> **The task**
Once the line with "by Tilda Fabrics" is found in the data, output it and each following line exactly, up to and including the line with "Ukázky snímků ze", and nothing before or after.

> **Data provided**
-- Opening Marker --

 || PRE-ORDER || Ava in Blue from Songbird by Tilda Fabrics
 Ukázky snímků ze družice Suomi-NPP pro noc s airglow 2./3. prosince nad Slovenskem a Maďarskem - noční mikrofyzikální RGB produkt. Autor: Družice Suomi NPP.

-- Closing Marker --
-- Opening Marker --

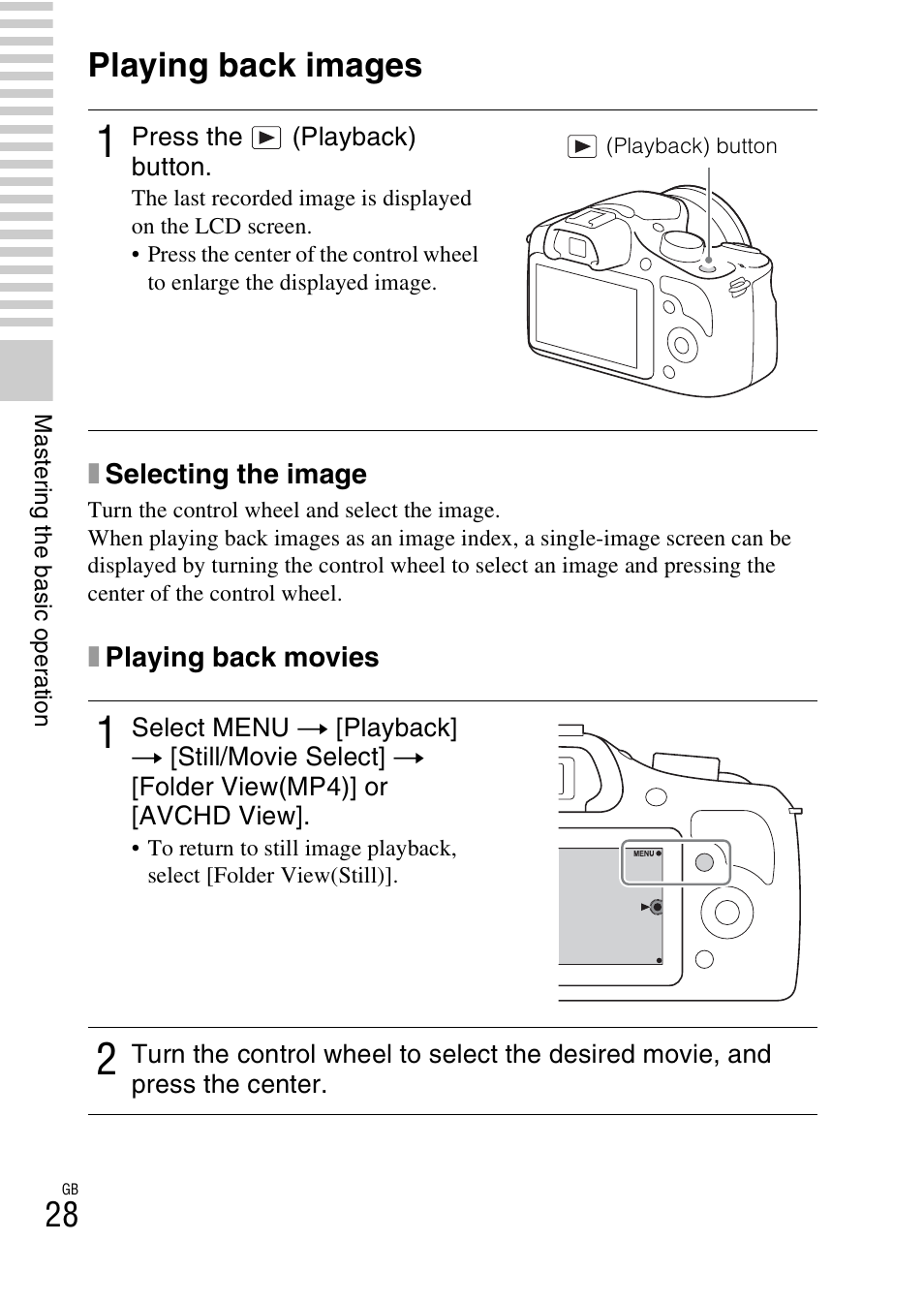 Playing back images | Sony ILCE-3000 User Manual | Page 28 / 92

-- Closing Marker --

> **Answer box**
 || PRE-ORDER || Ava in Blue from Songbird by Tilda Fabrics
 Ukázky snímků ze družice Suomi-NPP pro noc s airglow 2./3. prosince nad Slovenskem a Maďarskem - noční mikrofyzikální RGB produkt. Autor: Družice Suomi NPP.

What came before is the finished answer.